5. Keterlibatan Partner
Saya pernah mendapat pesan dari seorang wanita yang hendak konsultasi. Intinya dia bertanya, sebenarnya yang berhak mengelola uang di keluarga siapa? Lebih bagus sang suami atau istri?
Sebelum saya jawab, coba kasih komen dibawah kalau keluarga kalian gimana?
…
Apapun itu, kodratnya kan cowok selalu jadi mahluk alpha, artinya leader. Entah dia memutuskan mengelola uang atau tidak, sang lelaki harus tahu bagaimana kondisi finansial keluarganya. Kenapa demikian? Karena umumnya, dialah tulang punggung sehingga harus tahu berapa pemasukan dibanding pengeluaran.
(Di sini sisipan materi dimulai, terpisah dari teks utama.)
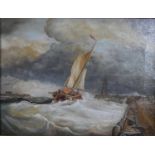 After Thomas Bush Hardy, oil on canvas of sailing boat in rough seas, signed T.B.Hardy. H.53 W.62cm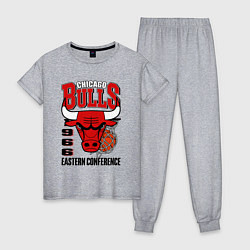 Пижама хлопковая женская Chicago Bulls NBA, цвет: меланж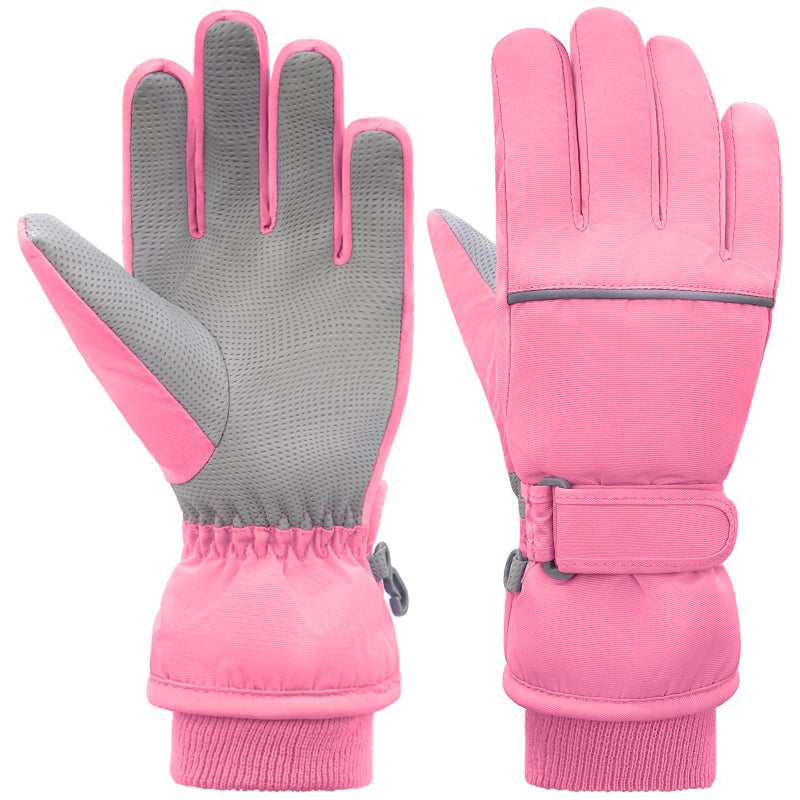 YUHAN PRETTY Kids Winter Ski Gloves Waterproof Children Girls Boys Fleece Thermal Snowboard Snow Gloves Mittens for Cold Weather(9-11Years) - Image 1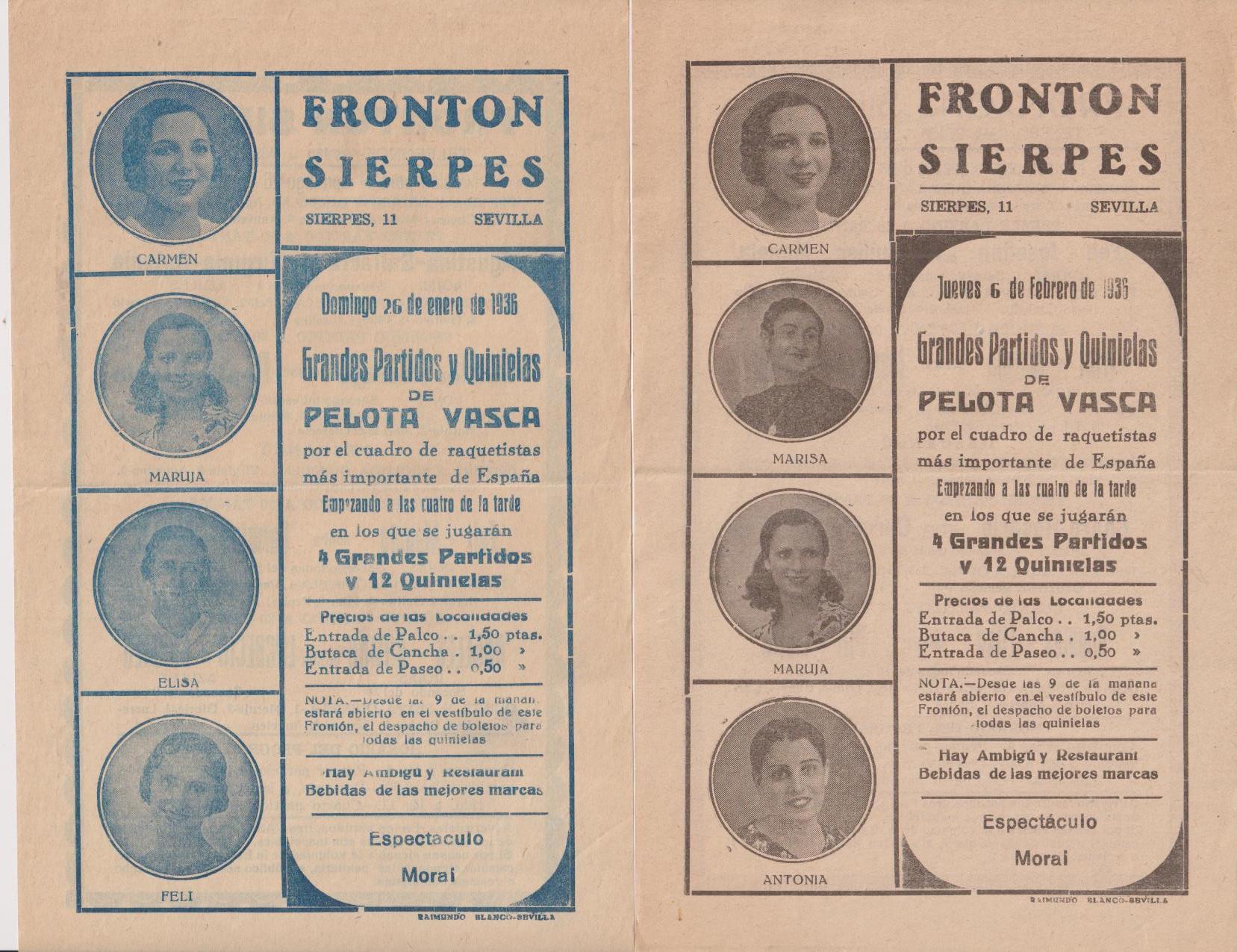 Frontón Sierpes. LOte de 2 Carteles de mano (22x14) Pelota Vasca. 26 Enero y 27 Febrero 1936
Ketika menyerahkan pengelolaan uang ke istri, tidak boleh lepas tangan begitu saja. Tetap mengontrol.
Itu teorinya, entah Anda manut atau enggak ya terserah masing-masing.
Namun bukan berarti si Alpha ini bisa seenaknya, buat berjudi, atau lain sebagainya. Dengarkan kebutuhan dan masukan dari partner dalam mengelola keuangan. Sama seperti presiden yang mendengarkan nasehat para menterinya.
Paham kan?
Indikasi Perencanaan Keuangan Keluarga Berjalan dengan Baik
Perencanaan keuangan yang berjalan dengan baik bukan berarti tidak ada masalah ketika menjalani kehidupan keluarga. Tapi harus melihat lebih luas, misalnya pengeluaran bulanannya tertata dengan baik, kemudian sudah ada persiapan dana bila musibah melanda, dan hal semacam itu.
Intinya sih, keluhan Anda harusnya semakin berkurang. Jika masih sama aja atau malah lebih banyak, maka salah tuh pembuatan rencananya.
Saya menyarankan Anda untuk mulai belajar menjadi perencana keuangan bagi diri sendiri dulu, karena semua orang pasti mampu. Kalau memang sudah merasa kepayahan, barulah mencari financial planner untuk membantu pengelolaan uang. Tapi ingat, ada biaya yang harus dikeluarkan.
Wassalamualaykum para kepala keluarga!